Very few scientists

[From Dag Forssell (930506 1210)]

Quoting myself from yesterday on "soft" science:

EMPIRICAL DESCRIPTIONS are descriptions of what is happening based
on observations. Explanations suggest underlying regularities;
things that usually happen "other things being equal." Testing and
validation is seldom rigorous. This leads to an intuitive or
statistical recognition of observed phenomena and empirical laws =
rules for practice. Most "common sense" understanding of our world
consists of empirical descriptions.

CHUCK TUCKER 930505

...As one can read on the net, very few people tolerate being told
that their ideas are wrong. I know that scientists are not
supposed shy away from having their ideas rejected with sound
reasoning and sound evidence but it appears that there are very
few scientists that are like that in the life sciences; perhaps
this is why other scientists don't consider us very scientific.
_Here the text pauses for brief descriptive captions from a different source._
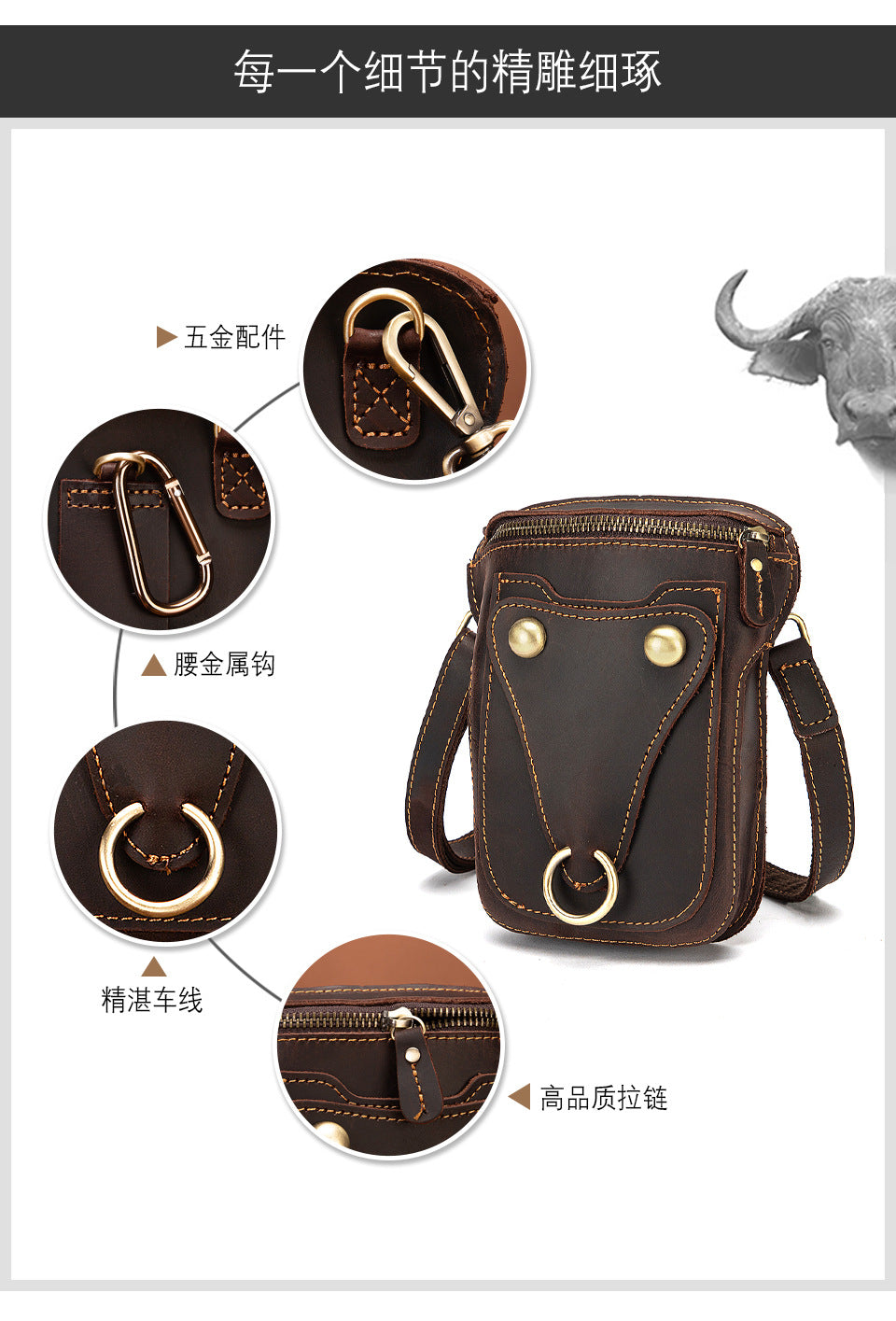 Men's Shoulder Bag Cowhide Genuine Leather Retro Fashion Casual Men's Crossbody Bag 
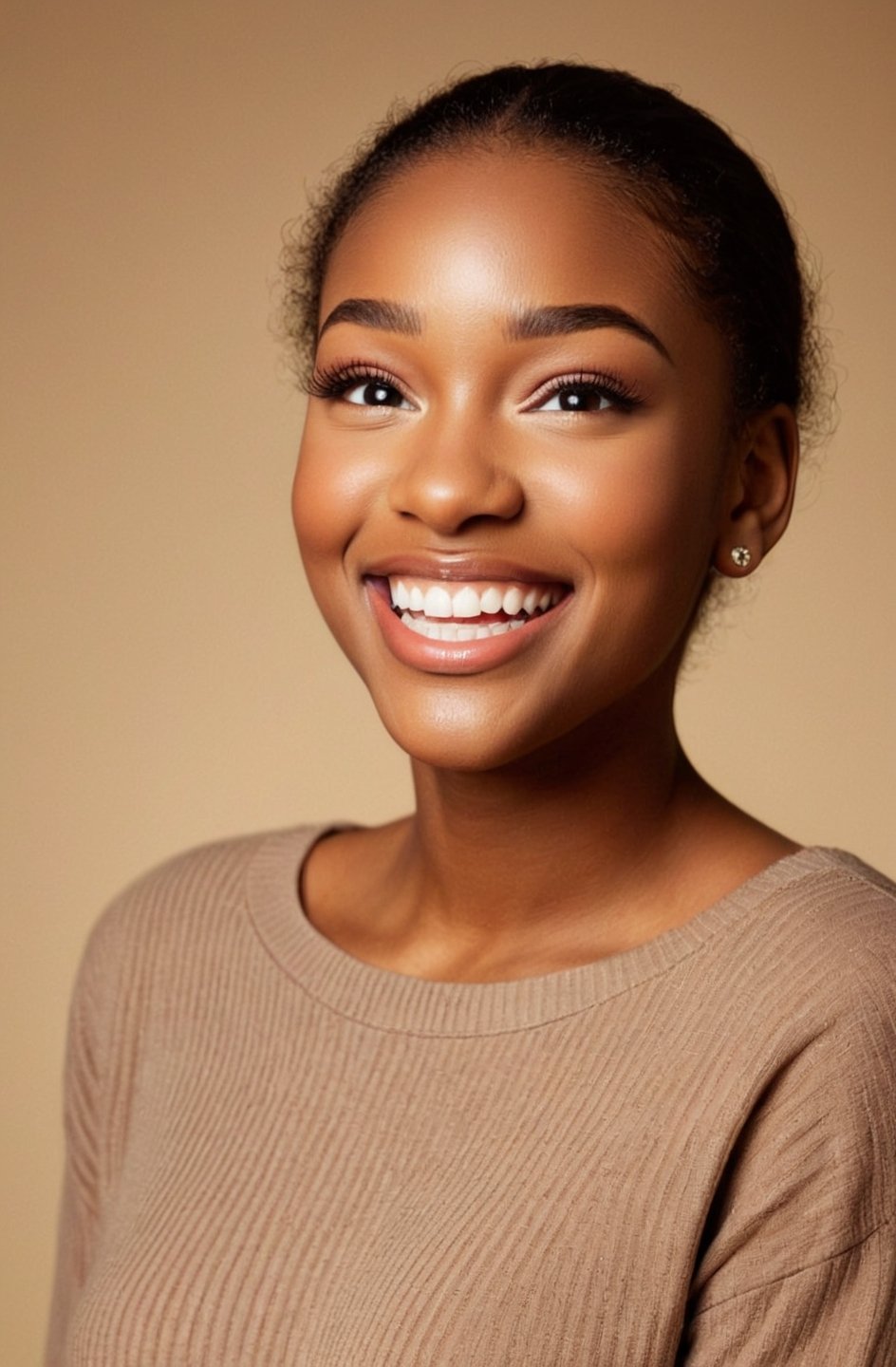 A dating profile picture of a smiling young African woman wearing a casual knitwear on a bronze background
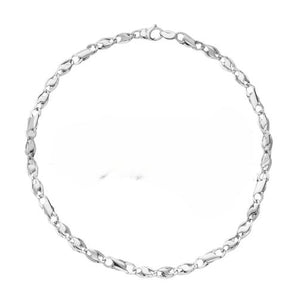 Bracciale catena piatta cerini oro bianco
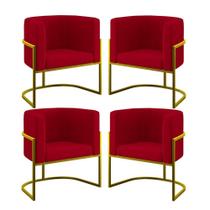 Kit 4 Poltronas Lua Sala Decorativa Suede Vermelho Balaqui Decor Kit 4 Poltronas Lua Sala Decorativa Suede Vermelho Balaqui Decor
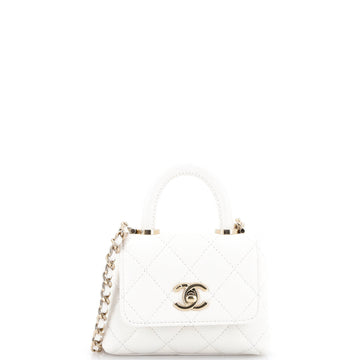 Chanel Coco Top Handle Clutch with Chain Quilted Caviar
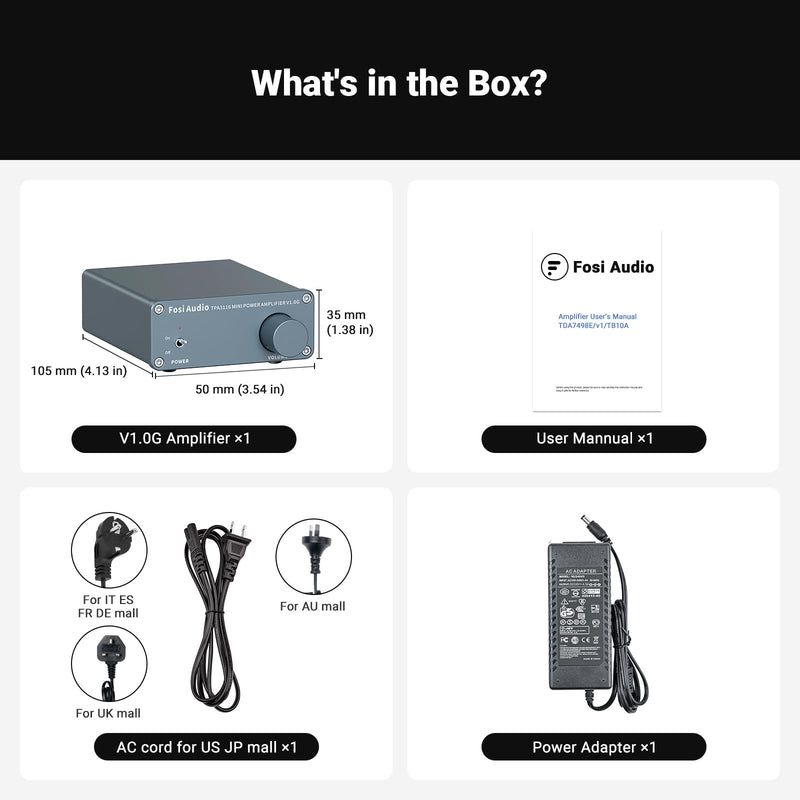 Fosi Audio V1.0G 2 Channel Class D Mini Stereo Amplifier for Home Speakers TPA3116 50W x 2 with Power Supply
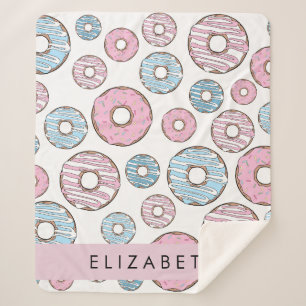 Roze Donuts, Blauwe Donuts, Sprinkles, Jouw naam Sherpa Deken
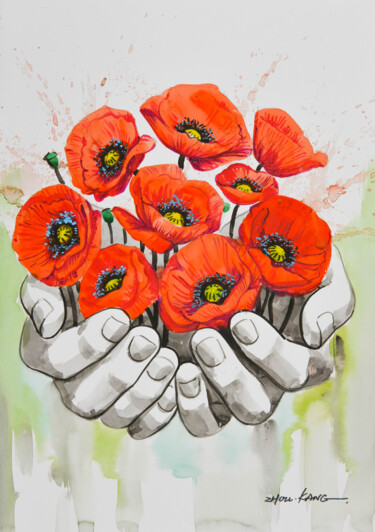 Картина под названием "poppy flower 2" - Kang Zhou, Подлинное произведение искусства, Акварель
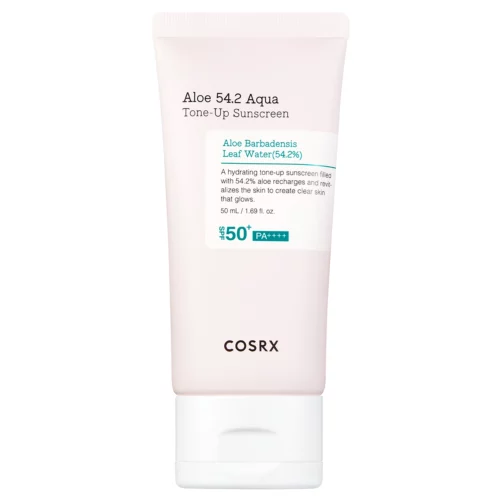COSRX Aloe 54.2 Aqua Tone-Up Sunscreen SPF50+ tonējošs saules aizsargkrēms sejai ar alveju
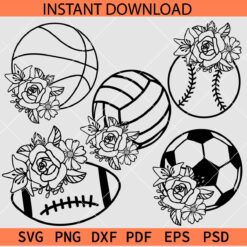 Floral balls Sketch bundle SVG, Sports Balls Flowers Bundle SVG, Floral Basketball Ball Vector SVG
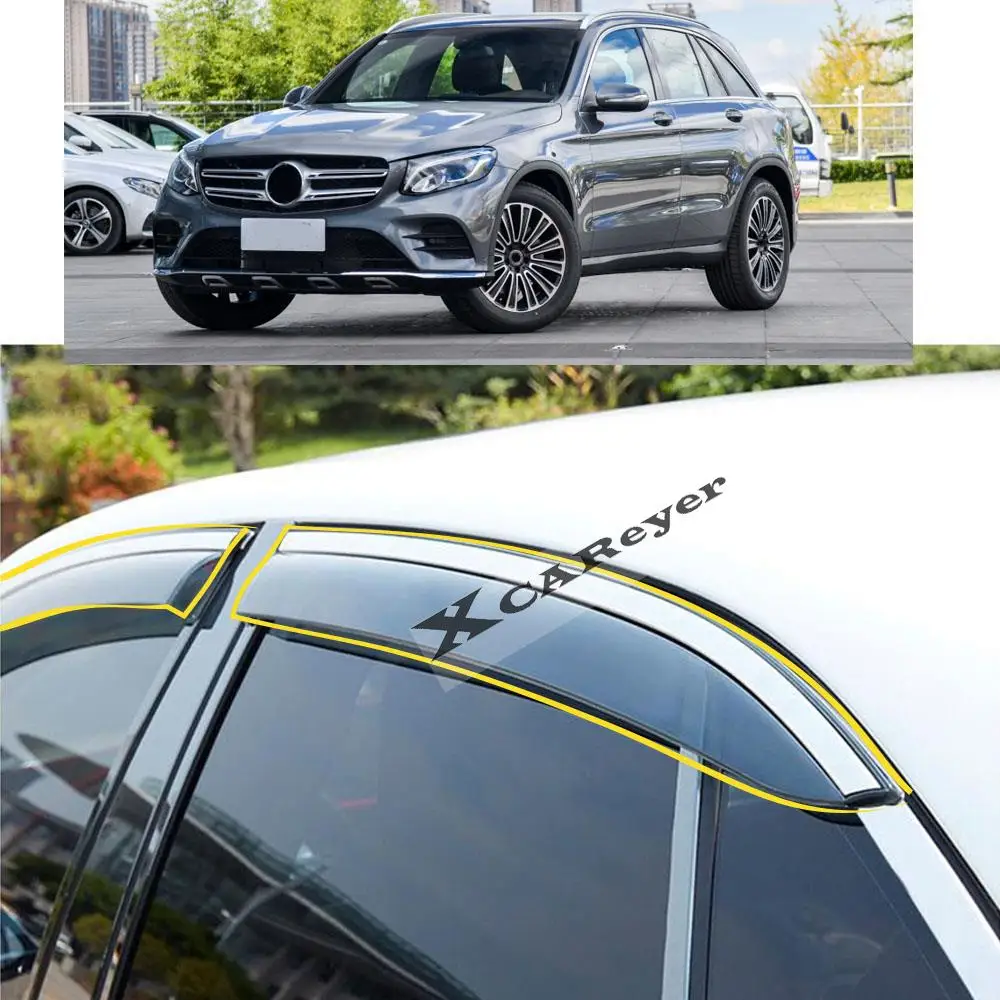 

For Mercedes Benz GLC X253 2016 2017 2018 2019 Car Body Styling Sticker Plastic Window Glass Wind Visor Rain/Sun Guard Vent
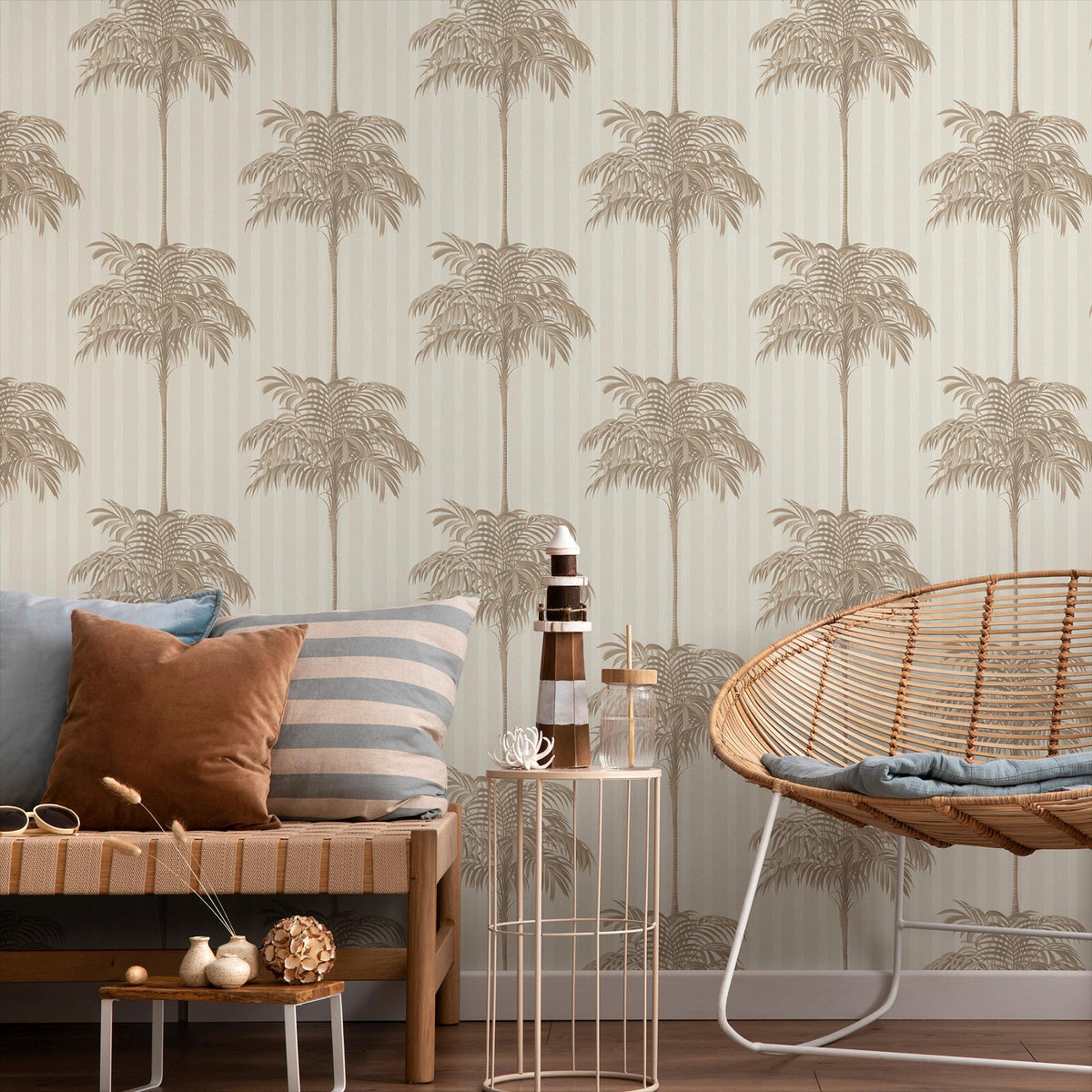 Botanical Wallpaper featuring a Striped Palm Tree Motif in Beige and Tan - E309
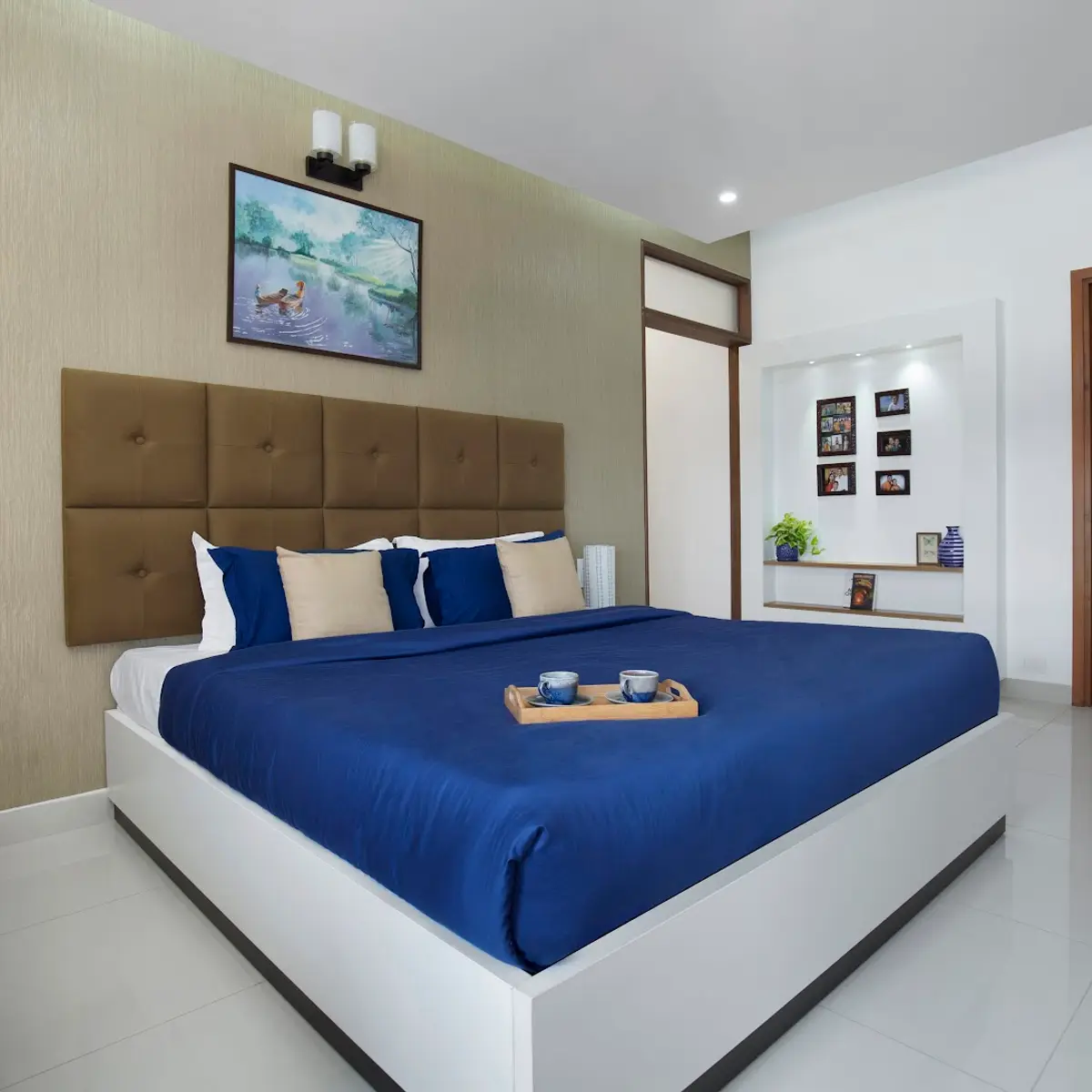 jewel tone traditional master bedroom with wallpaper — real Indian home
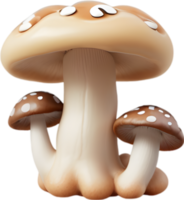 ai généré mignonne dessin animé champignon icône png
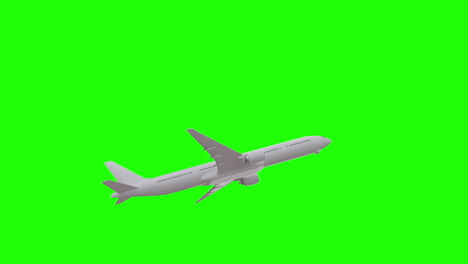 Greenscreen-Flugzeug-Diagonal-Nach-Oben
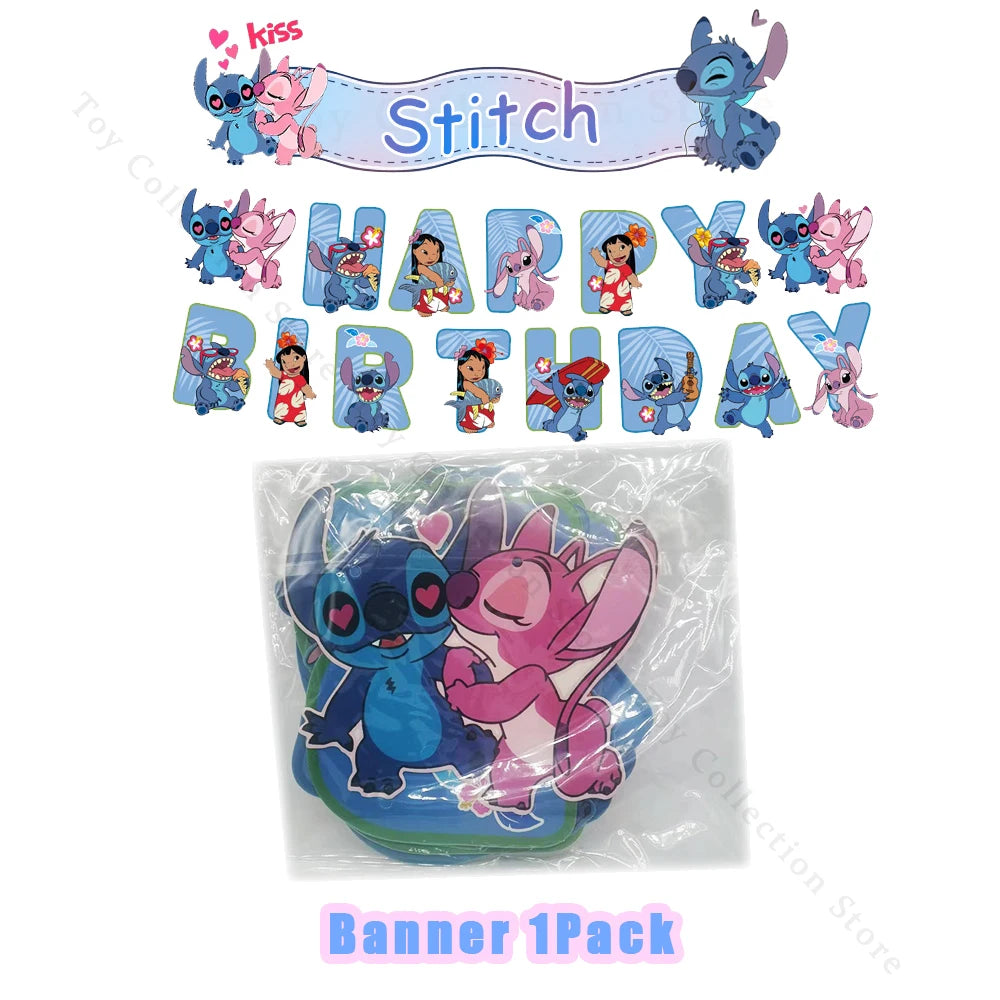 Lilo and Stitch Cartoon Children's Birthday Party Decoration Paper Plate Latex Foil Ballon Tablecloth Baby Shower Party Supplies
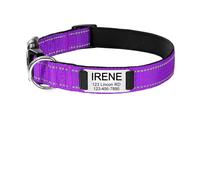 Adjustable Reflective Dog Collar Nylon Custom Engraved Name ID Tag Personalized(Black 4,S 25-38cm)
Very few indeed, but perhaps we can speculate about who and why. I
believe we agree on this net that we all control (defend) our
highest systems concepts, our sense of self. If a person lives by
experience and recognizes that experience is varied and less than
certain, then such a person lives in an uncertain world. Still, one
depends on one's own integrated sense of one's own experiences.
This sense can not be proven or disproven. But naturally, it is
defended. If you live with a science of this nature, (where 55%
correlation is impressive and publishable), it is author against
author, with no proof or disproof in sight. But it is the only
thing you know.

Quoting myself some more, this time on "hard" science:

GENERATIVE THEORETICAL MODELS follow from a different and more
rigorous scientific method. They are based on logical modeling of
functional relationships at levels below the observed phenomena,
followed by testing with an expectation of 100% verification. They
offer explanations of why and how things happen.

Tom Bourbon (930506.0854)

And then there is the belief, like unto any I have ever seen in
any other branch of religion, that physiological data are real
data, but behavioral data are something else...

...Someone must recognize that these data are solid, that the
behavioral data and theories on which most of the popular methods
in physiological research rest are not solid, and that they can do
something to change the state of affairs...

As I read Tom, I see that physiological people identify with the
hard sciences, and lump all behavioral data with the soft,
unreliable sciences. Tom is pleading for someone to make the
distinction by METHOD and clearly see what is soft and what is
hard. There is some of each in behavior and physiology.

It occurs to me that chucks "very few" scientists have defined
their self differently. What matters is not individual experience
but individual understanding of generative theoretical models. The
model is what should be correct, not the person.

Now Chuck's comment:

...scientists are not supposed shy away from having their ideas
rejected with sound reasoning and sound evidence...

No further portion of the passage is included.